My aparment had this weird child-proof lock thingy that my parents could just lock in from the outside in case no adults was home since they didn’t want their kids to go wandering outside. (firehazard lol, jeez dad wtf)
Not sure how they are as of right now, but in China, for a long time, they’d require you to pay before getting ER treatment
In China, they can go after family members…
Lol I remember my family didn’t have internet until we left China…
I lived in a very slum-looking area of Guangzhou right next to the 白云山 (Baiyun mountain). I asked recently about the internet thing and my dad said they were just starting to install internet like very late, like around 2010 around when we left, my dad said it was expensive… so for us, we never got internet in China
Never got to experience the “golden age of internet” that most of y’all talk about… cuz I didn’t even get an internet at all.
Parents didn’t really use internet until like 2014 and smartphones became ubiquitious and then soon afterwards they installed Wechat. That’s like the only thing they use lol.
There’s a lot of like worker safety stuff that China just doesn’t have, also no independent unions and strike-action was uncommon and almost unheard of until we got to the US and then hear about strikes on the news so often it’s kinda a culture shock.
Food safety was so… meh…
Mom mom used to warn me about the food safety thing all the time, stories about people smuggling in milk formula from Hong Kong because there was so much fake milk in mainland. My mom didn’t trust the milk and she said she just breastfed me. Water needs to be boiled… When I found out that Americans just drank from the tap, that was sort of a culture shock.
So after I found out about that, I often drink from the tap cuz I’m often thirsty and didn’t wanna waste time boiling water, also didn’r like warm water… I mean why not, we’re in the US after all (as long as “Flint, Michigan” doesn’t happen its gonna be fine), my parents still have the habit of boiling water… I feel like they’re just wasting electricity lol…

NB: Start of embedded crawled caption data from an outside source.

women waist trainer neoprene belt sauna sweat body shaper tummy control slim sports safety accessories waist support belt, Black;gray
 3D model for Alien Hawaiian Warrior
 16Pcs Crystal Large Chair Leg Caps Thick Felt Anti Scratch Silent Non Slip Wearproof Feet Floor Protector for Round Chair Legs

The only thing I liked was the subways in Guangzhou had the platform safety doors… I remember when I first arrived in NYC, I often have fears about just falling into the tracks, cuz the lack of doors… but yea that’s like the safety doors only thing I really missed
What’s funny is your experience is similar to mine except my family was Hispanic and living in the USA. I went to work with my mom or dad s lot too, both before and after school, even up to my preteens.
We didn’t boil the tap but we didn’t really drink it either - it smelled weird (later testing showed it had some heavy metals and other hazardous chemicals - likely from the nearby refineries) - instead we went to this water well thing where we would out 5 gallon jugs of water (like the one in water coolers) and got water they’re for drinking.
We did get the internet sooner, at least I suppose. But for awhile my experience with the internet were those “free trial” discs the companies gave because internet was (and I hear still is) expensive.